## [What you will do]
Starting with the first line of the records, write out each line exactly until you have included the line containing "Женщина на сеансе".

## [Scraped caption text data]
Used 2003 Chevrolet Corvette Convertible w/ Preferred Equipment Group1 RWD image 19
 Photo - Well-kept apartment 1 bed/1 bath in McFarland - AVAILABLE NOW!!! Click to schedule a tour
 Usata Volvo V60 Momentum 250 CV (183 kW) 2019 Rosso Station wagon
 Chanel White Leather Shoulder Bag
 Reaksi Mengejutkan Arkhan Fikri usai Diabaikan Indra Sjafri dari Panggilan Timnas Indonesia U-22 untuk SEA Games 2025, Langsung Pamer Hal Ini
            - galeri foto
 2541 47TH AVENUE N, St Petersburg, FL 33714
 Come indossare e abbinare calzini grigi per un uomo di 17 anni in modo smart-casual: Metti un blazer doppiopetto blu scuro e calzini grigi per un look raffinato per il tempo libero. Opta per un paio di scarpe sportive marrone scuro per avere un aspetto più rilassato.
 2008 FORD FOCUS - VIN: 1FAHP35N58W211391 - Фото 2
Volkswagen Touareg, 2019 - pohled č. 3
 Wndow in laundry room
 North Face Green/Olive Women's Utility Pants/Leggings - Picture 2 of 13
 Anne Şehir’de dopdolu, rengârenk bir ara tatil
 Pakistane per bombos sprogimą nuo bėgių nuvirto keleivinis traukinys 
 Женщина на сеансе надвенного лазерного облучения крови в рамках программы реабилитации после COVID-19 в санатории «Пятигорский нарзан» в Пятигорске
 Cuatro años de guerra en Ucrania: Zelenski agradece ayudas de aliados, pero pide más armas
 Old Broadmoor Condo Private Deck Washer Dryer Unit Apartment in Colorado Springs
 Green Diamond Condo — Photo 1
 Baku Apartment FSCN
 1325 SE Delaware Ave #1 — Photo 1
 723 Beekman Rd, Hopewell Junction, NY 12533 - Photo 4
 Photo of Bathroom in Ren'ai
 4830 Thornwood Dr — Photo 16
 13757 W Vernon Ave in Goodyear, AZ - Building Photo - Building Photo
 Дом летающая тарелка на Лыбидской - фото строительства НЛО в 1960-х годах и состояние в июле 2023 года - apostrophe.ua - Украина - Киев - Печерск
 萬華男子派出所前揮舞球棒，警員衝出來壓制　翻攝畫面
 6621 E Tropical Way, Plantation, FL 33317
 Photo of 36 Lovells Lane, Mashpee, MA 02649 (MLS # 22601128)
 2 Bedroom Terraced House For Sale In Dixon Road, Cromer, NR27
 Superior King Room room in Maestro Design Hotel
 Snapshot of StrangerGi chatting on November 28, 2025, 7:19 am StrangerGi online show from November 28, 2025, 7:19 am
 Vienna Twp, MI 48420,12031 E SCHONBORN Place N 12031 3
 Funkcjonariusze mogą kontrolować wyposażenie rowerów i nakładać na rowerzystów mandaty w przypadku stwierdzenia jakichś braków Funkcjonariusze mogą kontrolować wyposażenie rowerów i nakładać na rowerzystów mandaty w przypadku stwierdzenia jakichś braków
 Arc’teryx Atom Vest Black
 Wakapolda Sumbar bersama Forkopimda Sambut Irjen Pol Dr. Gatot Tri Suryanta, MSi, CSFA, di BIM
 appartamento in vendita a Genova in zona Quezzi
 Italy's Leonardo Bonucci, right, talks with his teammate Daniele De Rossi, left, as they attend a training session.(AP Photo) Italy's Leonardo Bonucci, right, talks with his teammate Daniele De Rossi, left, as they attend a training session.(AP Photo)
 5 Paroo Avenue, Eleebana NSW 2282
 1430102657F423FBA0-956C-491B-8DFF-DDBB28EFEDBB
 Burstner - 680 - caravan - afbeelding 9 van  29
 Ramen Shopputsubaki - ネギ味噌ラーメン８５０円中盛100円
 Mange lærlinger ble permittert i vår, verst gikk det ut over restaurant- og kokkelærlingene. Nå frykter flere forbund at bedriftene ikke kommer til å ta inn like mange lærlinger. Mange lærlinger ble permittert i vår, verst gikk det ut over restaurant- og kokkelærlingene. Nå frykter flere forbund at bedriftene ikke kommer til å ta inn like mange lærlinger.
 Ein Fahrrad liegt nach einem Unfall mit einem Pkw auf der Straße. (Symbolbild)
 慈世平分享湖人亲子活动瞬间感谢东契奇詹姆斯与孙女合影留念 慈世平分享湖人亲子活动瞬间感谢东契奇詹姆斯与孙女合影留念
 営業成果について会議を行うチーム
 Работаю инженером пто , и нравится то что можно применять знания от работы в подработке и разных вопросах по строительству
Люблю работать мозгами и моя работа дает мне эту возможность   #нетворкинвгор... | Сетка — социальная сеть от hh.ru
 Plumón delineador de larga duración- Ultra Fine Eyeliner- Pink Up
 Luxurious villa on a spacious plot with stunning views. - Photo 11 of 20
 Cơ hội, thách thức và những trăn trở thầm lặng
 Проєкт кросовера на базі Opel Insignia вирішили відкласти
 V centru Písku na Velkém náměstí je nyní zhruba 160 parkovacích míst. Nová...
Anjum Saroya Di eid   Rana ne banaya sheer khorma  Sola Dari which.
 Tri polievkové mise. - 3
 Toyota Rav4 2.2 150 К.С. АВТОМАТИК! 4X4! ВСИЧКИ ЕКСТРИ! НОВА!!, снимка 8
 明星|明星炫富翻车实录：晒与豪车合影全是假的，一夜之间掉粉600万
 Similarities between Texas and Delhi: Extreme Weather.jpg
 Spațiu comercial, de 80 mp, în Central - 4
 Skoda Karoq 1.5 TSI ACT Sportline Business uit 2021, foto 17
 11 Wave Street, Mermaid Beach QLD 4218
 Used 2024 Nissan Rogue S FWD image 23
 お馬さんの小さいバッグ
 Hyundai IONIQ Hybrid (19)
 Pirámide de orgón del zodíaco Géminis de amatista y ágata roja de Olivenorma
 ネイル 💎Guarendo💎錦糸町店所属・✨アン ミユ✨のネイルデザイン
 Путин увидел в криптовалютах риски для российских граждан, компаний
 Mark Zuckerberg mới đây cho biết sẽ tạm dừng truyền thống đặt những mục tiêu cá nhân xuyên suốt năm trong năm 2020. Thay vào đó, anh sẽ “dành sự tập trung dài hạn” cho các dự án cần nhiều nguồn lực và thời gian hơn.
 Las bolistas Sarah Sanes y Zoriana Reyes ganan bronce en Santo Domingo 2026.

## [Solution for this exercise]
Used 2003 Chevrolet Corvette Convertible w/ Preferred Equipment Group1 RWD image 19
 Photo - Well-kept apartment 1 bed/1 bath in McFarland - AVAILABLE NOW!!! Click to schedule a tour
 Usata Volvo V60 Momentum 250 CV (183 kW) 2019 Rosso Station wagon
 Chanel White Leather Shoulder Bag
 Reaksi Mengejutkan Arkhan Fikri usai Diabaikan Indra Sjafri dari Panggilan Timnas Indonesia U-22 untuk SEA Games 2025, Langsung Pamer Hal Ini
            - galeri foto
 2541 47TH AVENUE N, St Petersburg, FL 33714
 Come indossare e abbinare calzini grigi per un uomo di 17 anni in modo smart-casual: Metti un blazer doppiopetto blu scuro e calzini grigi per un look raffinato per il tempo libero. Opta per un paio di scarpe sportive marrone scuro per avere un aspetto più rilassato.
 2008 FORD FOCUS - VIN: 1FAHP35N58W211391 - Фото 2
Volkswagen Touareg, 2019 - pohled č. 3
 Wndow in laundry room
 North Face Green/Olive Women's Utility Pants/Leggings - Picture 2 of 13
 Anne Şehir’de dopdolu, rengârenk bir ara tatil
 Pakistane per bombos sprogimą nuo bėgių nuvirto keleivinis traukinys 
 Женщина на сеансе надвенного лазерного облучения крови в рамках программы реабилитации после COVID-19 в санатории «Пятигорский нарзан» в Пятигорске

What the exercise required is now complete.